Never archiving in the state column.
workspaces.state only holds persistent destinations. Transient verbs live on operations.status. A denormalized pointer current_operation_id gives readers O(1) access to "is this workspace busy?" without scanning operations.
Allocated capacity is derived, not stored.
No materialized allocated_* columns on hosts. Small fleet, cheap query, zero drift risk. Suspended workspaces still count — their disk is on the host.
-- find a host in region $1 with room for $2 vcpu / $3 ram / $4 disk SELECT h.id FROM hosts h WHERE h.region_id = $1 AND h.state = 'healthy' AND h.total_vcpu - COALESCE((SELECT SUM(w.vcpu) FROM workspaces w WHERE w.host_id = h.id AND w.state IN ('active','suspended')), 0) >= $2 AND h.total_ram_gb - COALESCE((SELECT SUM(w.ram_gb) FROM workspaces w WHERE w.host_id = h.id AND w.state IN ('active','suspended')), 0) >= $3 AND h.total_disk_gb - COALESCE((SELECT SUM(w.disk_gb) FROM workspaces w WHERE w.host_id = h.id AND w.state IN ('active','suspended')), 0) >= $4 FOR UPDATE SKIP LOCKED LIMIT 1;
FOR UPDATE SKIP LOCKED lets concurrent schedulers pick different hosts. The workspace INSERT in the same transaction reserves the slot.
Control Plane API.
Consumed only by backends. Every mutating RPC returns an Operation immediately; callers poll. A closed, versioned reason set lets clients branch.
gRPC only. No REST transcoding.
All consumers are backends — frontpage, admin tooling, host agents. No browsers, no third-party integrations. One schema/tooling stack north- and southbound. grpcurl covers terminal debugging. A single WorkspaceService hosts every RPC; admin RPCs are gated by credential scope.
Logging contract: the authorization metadata key MUST be redacted at every log site. Enforced via middleware; unit-tested.

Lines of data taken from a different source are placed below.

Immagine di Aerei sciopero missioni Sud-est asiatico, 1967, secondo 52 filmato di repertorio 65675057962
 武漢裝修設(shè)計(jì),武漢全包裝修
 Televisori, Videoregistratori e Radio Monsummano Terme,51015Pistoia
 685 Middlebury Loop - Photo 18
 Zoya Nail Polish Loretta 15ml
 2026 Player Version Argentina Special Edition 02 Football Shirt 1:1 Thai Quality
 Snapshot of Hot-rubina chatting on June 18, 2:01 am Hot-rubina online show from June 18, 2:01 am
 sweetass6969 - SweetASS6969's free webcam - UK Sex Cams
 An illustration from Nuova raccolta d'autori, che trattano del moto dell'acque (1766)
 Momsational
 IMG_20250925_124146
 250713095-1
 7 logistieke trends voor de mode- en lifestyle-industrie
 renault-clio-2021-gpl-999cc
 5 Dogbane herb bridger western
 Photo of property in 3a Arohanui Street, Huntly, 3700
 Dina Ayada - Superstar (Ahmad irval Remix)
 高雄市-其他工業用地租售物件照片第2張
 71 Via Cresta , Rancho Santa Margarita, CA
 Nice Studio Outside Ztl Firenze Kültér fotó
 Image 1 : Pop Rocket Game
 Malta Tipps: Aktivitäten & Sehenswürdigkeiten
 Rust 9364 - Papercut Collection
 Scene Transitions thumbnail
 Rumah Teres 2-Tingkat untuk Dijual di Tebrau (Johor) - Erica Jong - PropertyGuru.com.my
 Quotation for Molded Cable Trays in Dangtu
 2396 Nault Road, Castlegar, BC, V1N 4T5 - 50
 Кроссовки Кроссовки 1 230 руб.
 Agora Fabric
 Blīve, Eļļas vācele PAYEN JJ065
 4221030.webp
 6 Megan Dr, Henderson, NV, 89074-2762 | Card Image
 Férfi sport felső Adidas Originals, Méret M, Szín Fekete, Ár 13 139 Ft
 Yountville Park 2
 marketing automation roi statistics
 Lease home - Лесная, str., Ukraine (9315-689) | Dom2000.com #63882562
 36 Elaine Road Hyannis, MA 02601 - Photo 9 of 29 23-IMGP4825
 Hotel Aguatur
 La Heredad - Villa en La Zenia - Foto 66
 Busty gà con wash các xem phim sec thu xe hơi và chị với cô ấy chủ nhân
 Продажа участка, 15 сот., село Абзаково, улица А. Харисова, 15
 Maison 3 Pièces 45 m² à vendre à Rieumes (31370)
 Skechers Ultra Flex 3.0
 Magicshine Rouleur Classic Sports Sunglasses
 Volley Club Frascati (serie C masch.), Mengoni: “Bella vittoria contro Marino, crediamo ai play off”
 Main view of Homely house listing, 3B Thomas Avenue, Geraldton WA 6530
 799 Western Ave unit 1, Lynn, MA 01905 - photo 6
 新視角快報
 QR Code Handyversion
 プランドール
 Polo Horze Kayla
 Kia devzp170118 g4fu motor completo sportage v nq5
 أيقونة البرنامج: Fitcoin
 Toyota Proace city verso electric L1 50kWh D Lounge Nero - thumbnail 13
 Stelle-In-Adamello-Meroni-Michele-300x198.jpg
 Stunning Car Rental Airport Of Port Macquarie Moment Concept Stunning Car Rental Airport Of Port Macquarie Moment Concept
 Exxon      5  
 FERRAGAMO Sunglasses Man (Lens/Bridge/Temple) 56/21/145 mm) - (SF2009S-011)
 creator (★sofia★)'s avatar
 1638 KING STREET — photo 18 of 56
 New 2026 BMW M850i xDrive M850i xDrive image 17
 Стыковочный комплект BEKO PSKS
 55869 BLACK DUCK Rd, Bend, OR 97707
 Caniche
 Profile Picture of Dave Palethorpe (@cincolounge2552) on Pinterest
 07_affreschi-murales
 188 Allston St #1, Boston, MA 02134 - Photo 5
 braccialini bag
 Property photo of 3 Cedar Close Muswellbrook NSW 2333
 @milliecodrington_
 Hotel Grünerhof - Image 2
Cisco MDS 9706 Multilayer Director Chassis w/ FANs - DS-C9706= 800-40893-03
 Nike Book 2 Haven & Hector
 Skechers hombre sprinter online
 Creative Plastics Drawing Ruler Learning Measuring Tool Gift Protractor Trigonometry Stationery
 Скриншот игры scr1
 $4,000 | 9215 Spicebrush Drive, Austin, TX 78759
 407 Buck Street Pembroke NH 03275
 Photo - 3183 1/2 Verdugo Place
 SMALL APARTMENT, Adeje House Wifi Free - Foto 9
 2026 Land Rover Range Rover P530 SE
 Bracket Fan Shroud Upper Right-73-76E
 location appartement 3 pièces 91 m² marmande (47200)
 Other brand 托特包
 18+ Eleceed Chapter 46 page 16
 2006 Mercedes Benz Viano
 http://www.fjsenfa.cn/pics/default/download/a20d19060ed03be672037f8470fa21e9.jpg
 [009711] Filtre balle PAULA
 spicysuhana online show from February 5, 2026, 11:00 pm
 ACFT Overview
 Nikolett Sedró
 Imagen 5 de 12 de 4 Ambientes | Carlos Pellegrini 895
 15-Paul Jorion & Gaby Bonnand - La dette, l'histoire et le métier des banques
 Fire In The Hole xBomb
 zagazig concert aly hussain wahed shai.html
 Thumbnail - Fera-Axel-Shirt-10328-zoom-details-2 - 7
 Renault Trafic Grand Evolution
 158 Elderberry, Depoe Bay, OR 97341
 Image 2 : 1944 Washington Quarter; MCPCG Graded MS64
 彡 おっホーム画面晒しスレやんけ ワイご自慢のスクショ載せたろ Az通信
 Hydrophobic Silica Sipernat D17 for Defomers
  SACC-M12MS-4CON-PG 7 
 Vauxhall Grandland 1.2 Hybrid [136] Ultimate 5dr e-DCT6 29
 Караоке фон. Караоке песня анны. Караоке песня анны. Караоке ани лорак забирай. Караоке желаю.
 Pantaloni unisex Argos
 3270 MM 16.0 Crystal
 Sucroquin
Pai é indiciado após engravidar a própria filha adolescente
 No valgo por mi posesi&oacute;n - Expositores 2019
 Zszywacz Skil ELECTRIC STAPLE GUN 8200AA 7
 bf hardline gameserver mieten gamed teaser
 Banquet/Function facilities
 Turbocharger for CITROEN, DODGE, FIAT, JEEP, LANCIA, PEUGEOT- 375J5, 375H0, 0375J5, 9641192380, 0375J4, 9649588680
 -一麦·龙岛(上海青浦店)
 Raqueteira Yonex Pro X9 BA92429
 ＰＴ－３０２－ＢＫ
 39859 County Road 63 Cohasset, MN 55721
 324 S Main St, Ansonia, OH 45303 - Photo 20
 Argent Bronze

Return an Operation. Callers poll.
Every mutating RPC returns an Operation immediately. No server-streaming progress in v1. request_id lives on the request message (not metadata) — DB enforces idempotency via UNIQUE (workspace_id, request_id).
Workspace lifecycle
Domain / routing
Operations
Fleet
message Operation { string id = 1; string workspace_id = 2; OperationVerb verb = 3; // CREATE · SUSPEND · ARCHIVE · RESTORE · DELETE · RESIZE OperationStatus status = 4; // PENDING · RUNNING · SUCCEEDED · FAILED · ROLLED_BACK map<string,string> step_state = 5; string error = 6; google.protobuf.Timestamp requested_at = 7; google.protobuf.Timestamp started_at = 8; google.protobuf.Timestamp completed_at = 9; }
A closed, versioned reason set.
Domain semantics ride on google.rpc.ErrorInfo. reason values are a closed, versioned set — clients branch on them. New reasons are additive; existing reasons never change meaning.
Pagination
Cursor-based on every List* RPC. Opaque base64 of (last_id, ordering_key). Forward-only; stable under concurrent mutation. No "go to page N". No total count.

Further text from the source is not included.